Auditing & Assurance: Concepts and Applications II
1. Describe the statement of cash flows and enumerate the three
classifications A cash flow statement is a financial statement that provides aggregate data regarding all cash inflows a company receives from its ongoing operations and external investment sources. It also includes all cash outflows that pay for business activities and investments during a given period. The statement of cash flows is part of the complete set of financial statement and entities are required to prepare these financial statements with conformity with PFRS. This type of statement shows the cash flows analysis of changes in cash and cash equivalents during the period. There are three classification of statement of cash flow namely: operating cash flows, investing cash flows, and financing cash flows Operating cash flows: Cash flows from operating activities is a section of a company's cash flow statement that explains the sources and uses of cash from ongoing regular business activities in a given period. This typically includes net income from the income statement, adjustments to net income, and changes in working capital.

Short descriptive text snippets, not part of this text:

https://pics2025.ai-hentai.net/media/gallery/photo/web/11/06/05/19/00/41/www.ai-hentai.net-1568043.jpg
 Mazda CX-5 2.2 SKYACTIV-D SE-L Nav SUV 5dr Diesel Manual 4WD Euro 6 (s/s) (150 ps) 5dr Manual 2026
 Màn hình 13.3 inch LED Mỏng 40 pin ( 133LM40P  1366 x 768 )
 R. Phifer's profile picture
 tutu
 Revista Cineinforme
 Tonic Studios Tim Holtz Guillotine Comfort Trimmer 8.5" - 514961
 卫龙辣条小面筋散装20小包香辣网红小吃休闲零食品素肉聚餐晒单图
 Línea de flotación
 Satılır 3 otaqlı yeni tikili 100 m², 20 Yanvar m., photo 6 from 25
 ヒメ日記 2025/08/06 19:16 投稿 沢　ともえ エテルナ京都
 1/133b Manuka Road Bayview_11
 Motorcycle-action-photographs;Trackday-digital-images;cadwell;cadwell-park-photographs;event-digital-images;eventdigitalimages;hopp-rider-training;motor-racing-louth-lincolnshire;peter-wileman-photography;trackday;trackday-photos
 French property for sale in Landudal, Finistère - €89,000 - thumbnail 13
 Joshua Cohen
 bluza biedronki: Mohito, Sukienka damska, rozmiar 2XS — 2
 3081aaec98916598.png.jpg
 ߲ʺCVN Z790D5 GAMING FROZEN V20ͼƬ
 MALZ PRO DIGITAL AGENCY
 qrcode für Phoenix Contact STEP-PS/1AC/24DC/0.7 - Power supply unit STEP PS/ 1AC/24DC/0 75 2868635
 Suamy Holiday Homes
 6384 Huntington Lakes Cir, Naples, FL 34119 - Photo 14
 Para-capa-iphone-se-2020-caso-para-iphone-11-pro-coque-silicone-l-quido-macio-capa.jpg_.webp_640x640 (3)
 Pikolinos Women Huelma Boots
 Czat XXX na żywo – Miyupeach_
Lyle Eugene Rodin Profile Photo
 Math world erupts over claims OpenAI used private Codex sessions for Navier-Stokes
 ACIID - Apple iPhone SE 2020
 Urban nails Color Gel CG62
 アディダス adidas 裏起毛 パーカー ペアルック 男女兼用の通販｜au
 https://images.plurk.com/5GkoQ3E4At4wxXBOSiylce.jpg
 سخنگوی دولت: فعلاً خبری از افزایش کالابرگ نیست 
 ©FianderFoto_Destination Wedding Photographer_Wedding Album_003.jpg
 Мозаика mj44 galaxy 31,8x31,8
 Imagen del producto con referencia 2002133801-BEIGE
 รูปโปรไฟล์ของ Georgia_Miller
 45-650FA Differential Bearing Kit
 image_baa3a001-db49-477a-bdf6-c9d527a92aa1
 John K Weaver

Investing cash flows: Cash flow from investing activities is a section of the cash flow statement that shows the cash generated or spent relating to investment activities. Investing activities include purchases of physical assets, investments in securities, or the sale of securities or assets. Financing cash flows: The financing activity in the cash flow statement focuses on how a firm raises capital and pays it back to investors through capital markets. These activities also include paying cash dividends, adding or changing loans, or issuing and selling more stock
2. Explain the component of method of presentation of operating cash flows,
investing cash flows and financing cash flows Operating cash flows: The operating activities on the CFS include any sources and uses of cash from business activities. In other words, it reflects how much cash is generated from a company's products or services. There are two methods of calculating cash flow: the direct method and the indirect method. o Indirect Method - whereby the profit or loss is adjusted for the effects of non-cash transaction. o Direct Method - whereby the sources of cash receipts and expenses are disclosed.
Investing cash flows:
Investing activities include any sources and uses of cash from a company's investments. A purchase or sale of an asset, loans made to vendors or received from customers, or any payments related to a merger or acquisition is included in this category. In short, changes in equipment, assets, or investments relate to cash from investing. Usually, cash changes from investing are a "cash out" item, because cash is used to buy new equipment, buildings, or short-term assets such as marketable securities. However, when a company divests an asset, the transaction is considered "cash in" for calculating cash from investing.
Financing cash flows:
Cash from financing activities includes the sources of cash from investors or banks, as well as the uses of cash paid to shareholders. Payment of dividends, payments for stock repurchases, and the repayment of debt principal (loans) are included in this category.
Changes in cash from financing are "cash in" when capital is
raised, and they're "cash out" when dividends are paid. Thus, if a company issues a bond to the public, the company receives cash financing; however, when interest is paid to bondholders, the company is reducing its cash.